*THE TASK:* Once you have found the line with "Close-up of a" in the records below, retype it and every line after it to the end exactly, with no pictures and nothing more.

### LISTED RECORDS ###

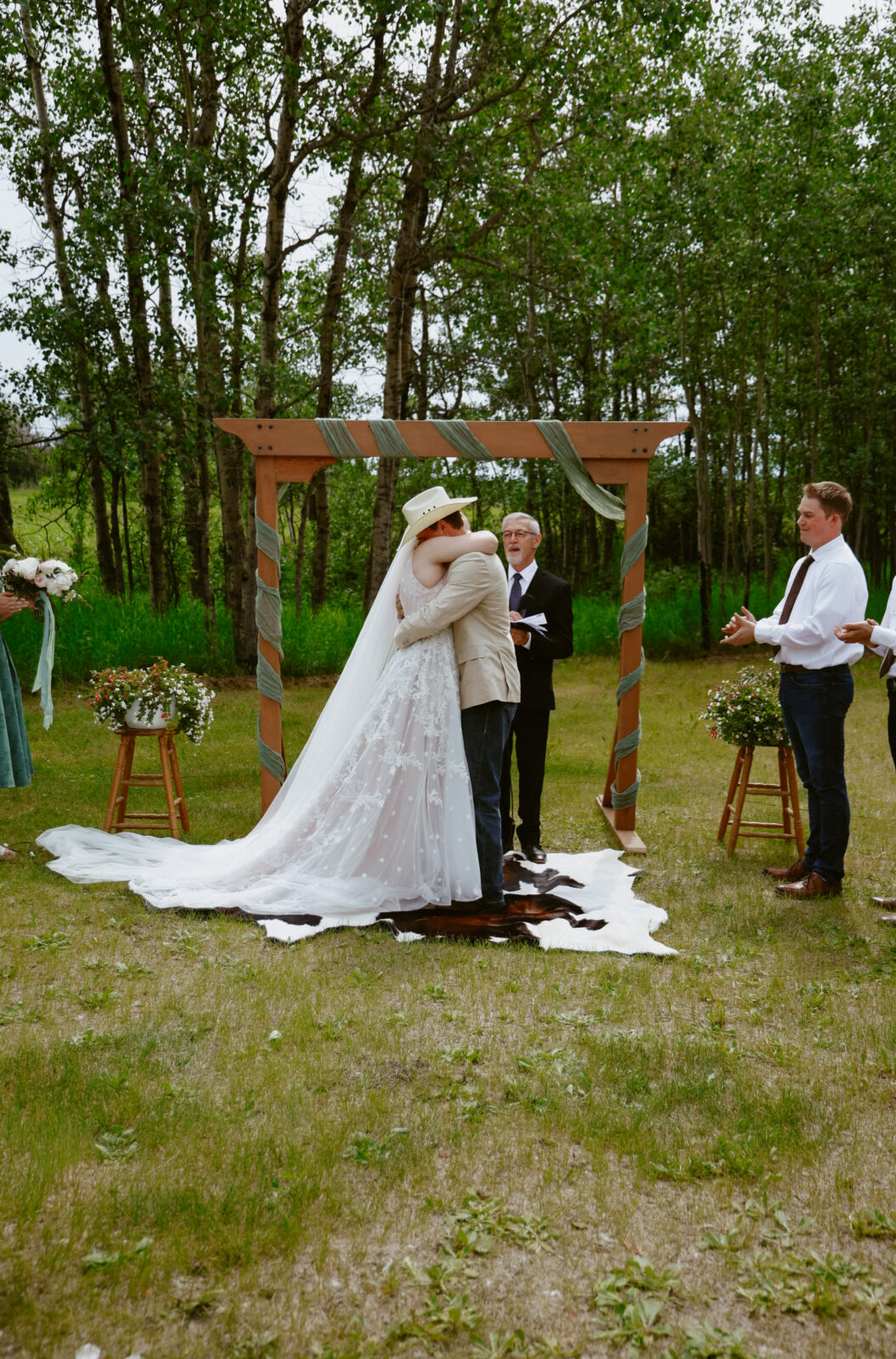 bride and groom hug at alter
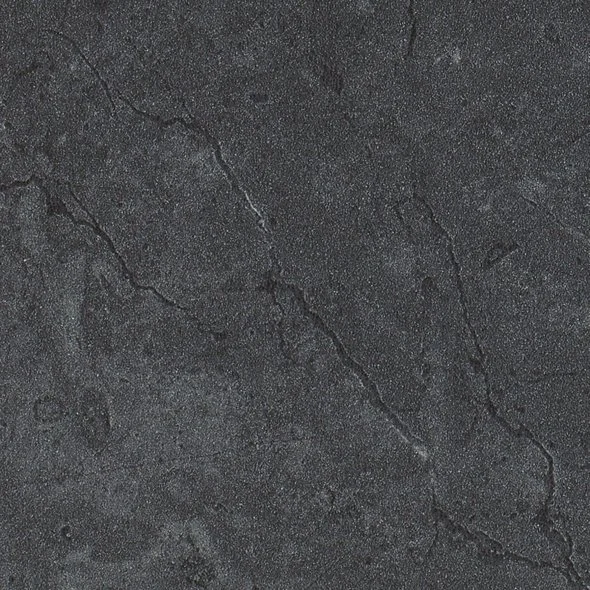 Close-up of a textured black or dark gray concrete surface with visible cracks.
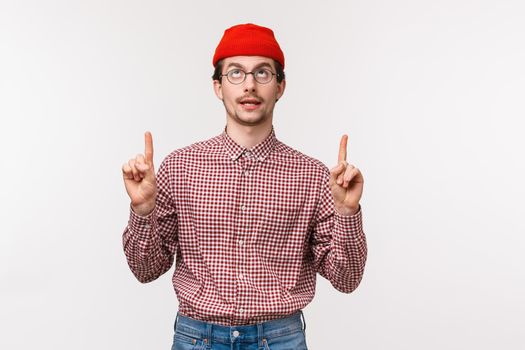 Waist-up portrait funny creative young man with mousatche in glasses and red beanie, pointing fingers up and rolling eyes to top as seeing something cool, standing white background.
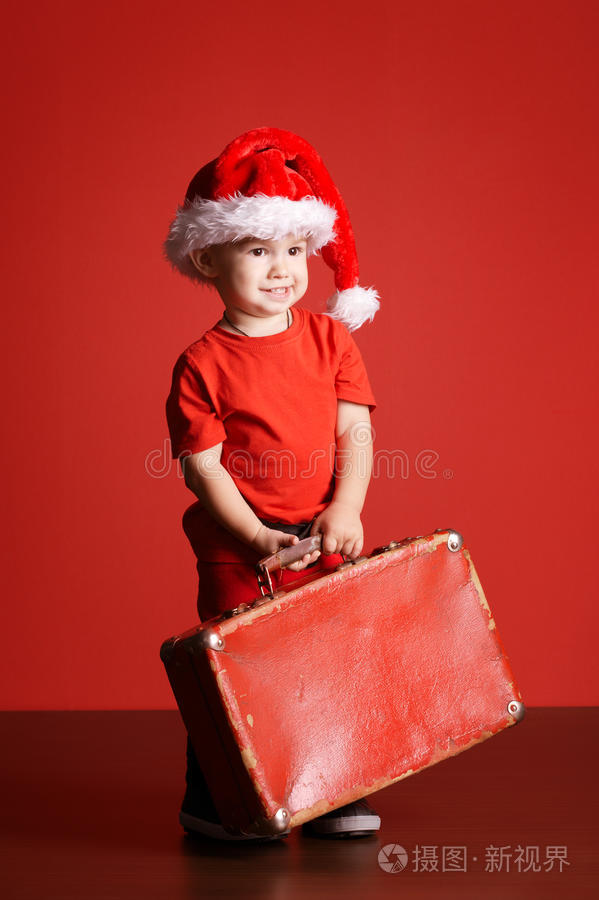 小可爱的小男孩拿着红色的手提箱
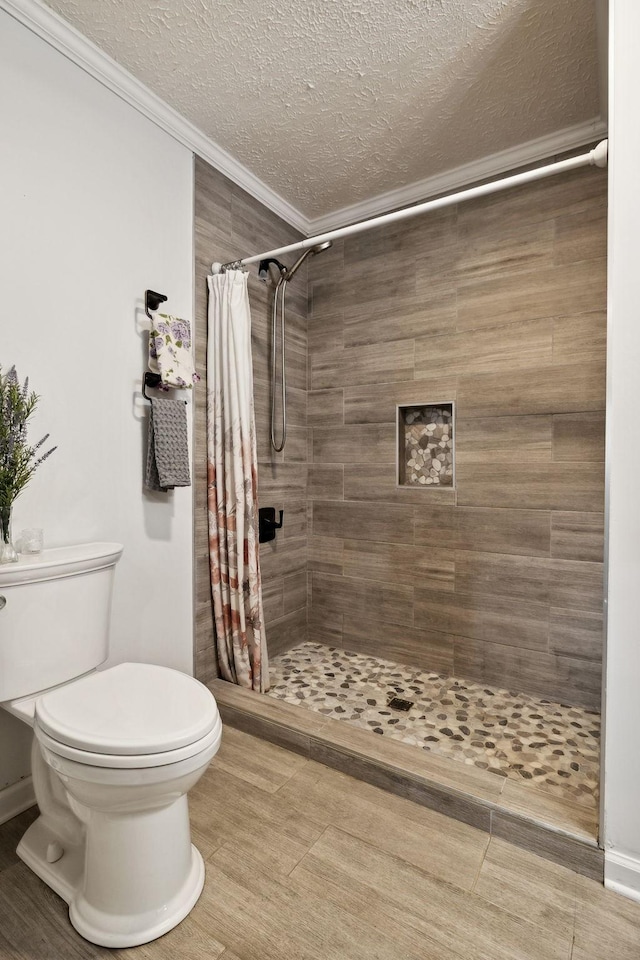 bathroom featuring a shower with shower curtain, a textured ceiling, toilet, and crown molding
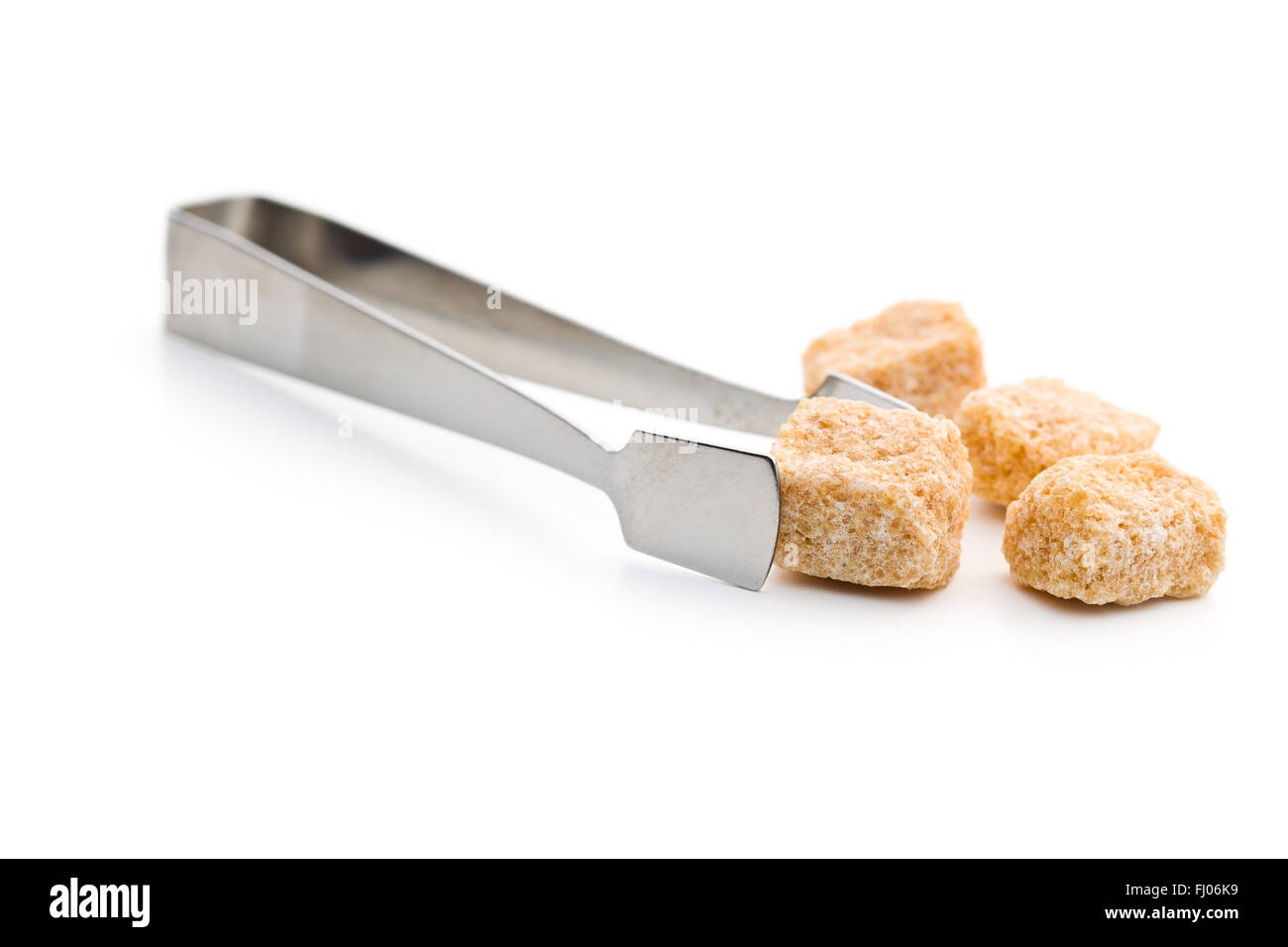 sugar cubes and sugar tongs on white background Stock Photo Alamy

###

*ANSWER BOX:*
 Close-up of a textured black or dark gray concrete surface with visible cracks.
 Waist-up portrait funny creative young man with mousatche in glasses and red beanie, pointing fingers up and rolling eyes to top as seeing something cool, standing white background.
 小可爱的小男孩拿着红色的手提箱
 bathroom featuring a shower with shower curtain, a textured ceiling, toilet, and crown molding
 sugar cubes and sugar tongs on white background Stock Photo Alamy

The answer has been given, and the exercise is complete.